▸ **DATA EXTRACT**:
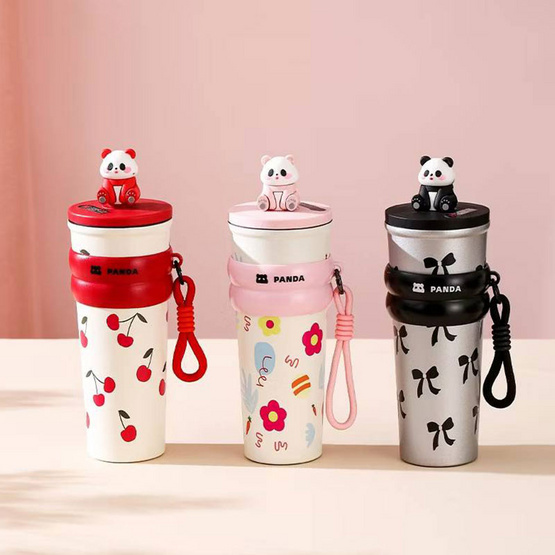 TINTIN SHOP (PANDA) แก้วน้ำสแตนเลสเก็บอุณหภูมิ 700 ML - หมีสีชมพู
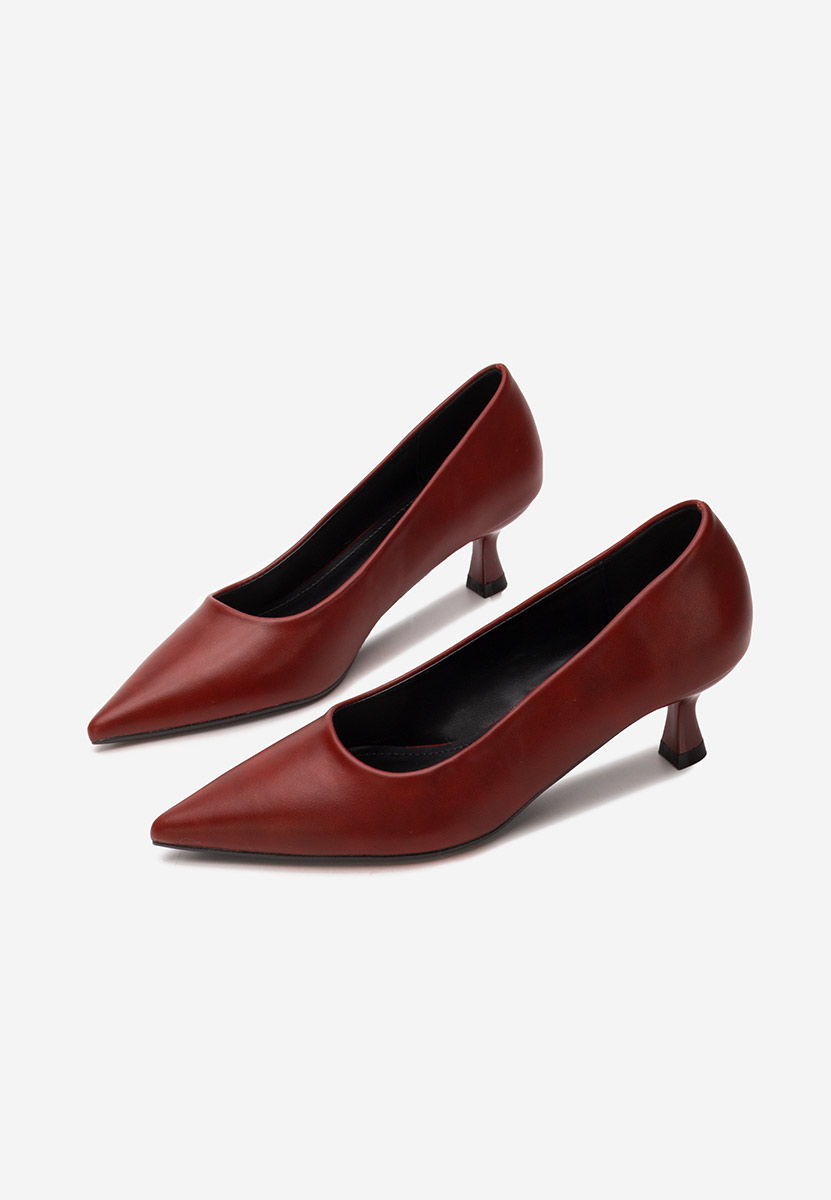 Bordové lodičky na nízkém podpatku Glimera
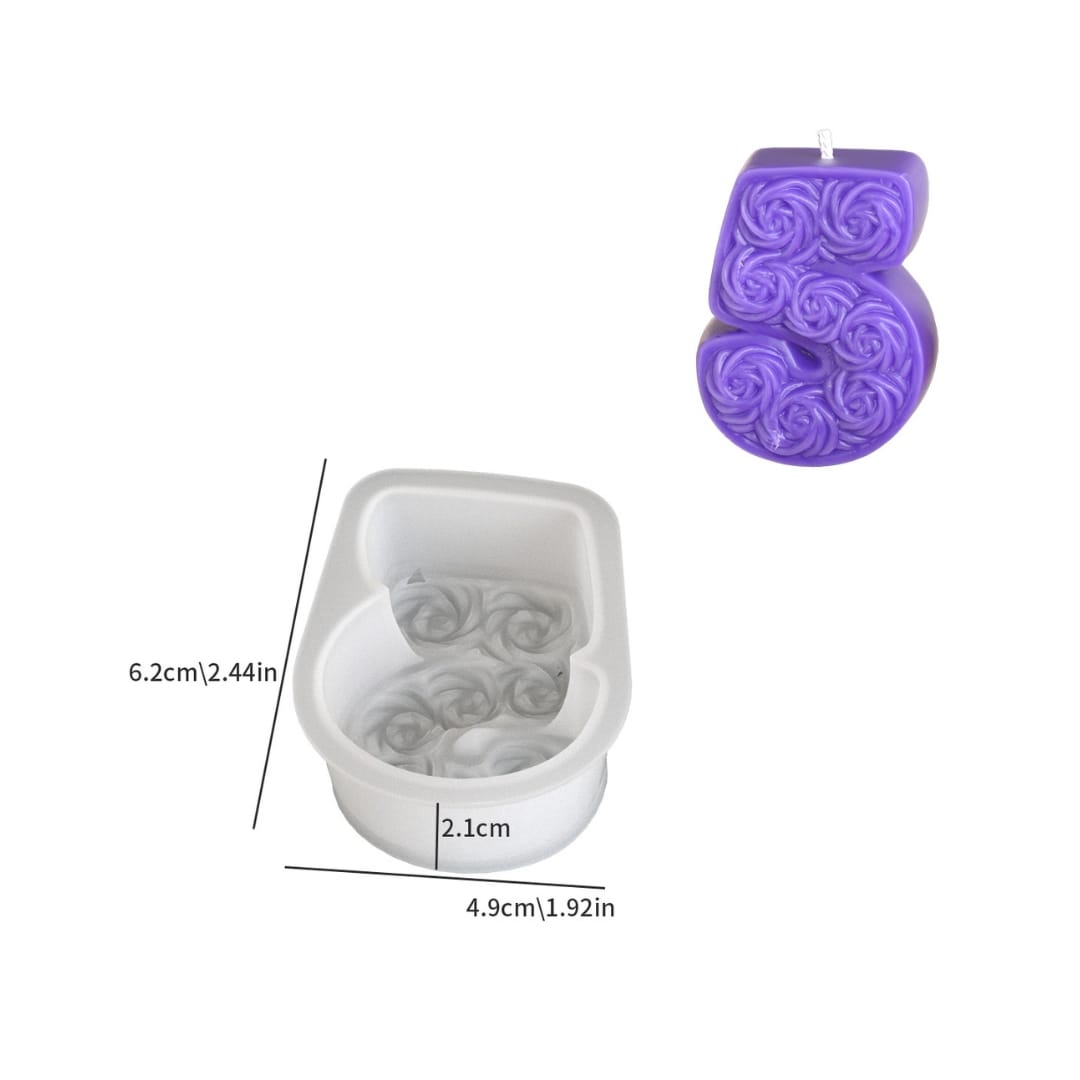 Rose Number Candle Mold - 5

▸ **EXERCISE**:
Repeat the listing exactly, pictures excluded.

▸ **RESPONSE TO THE TASK**:
 TINTIN SHOP (PANDA) แก้วน้ำสแตนเลสเก็บอุณหภูมิ 700 ML - หมีสีชมพู
 Bordové lodičky na nízkém podpatku Glimera
 Rose Number Candle Mold - 5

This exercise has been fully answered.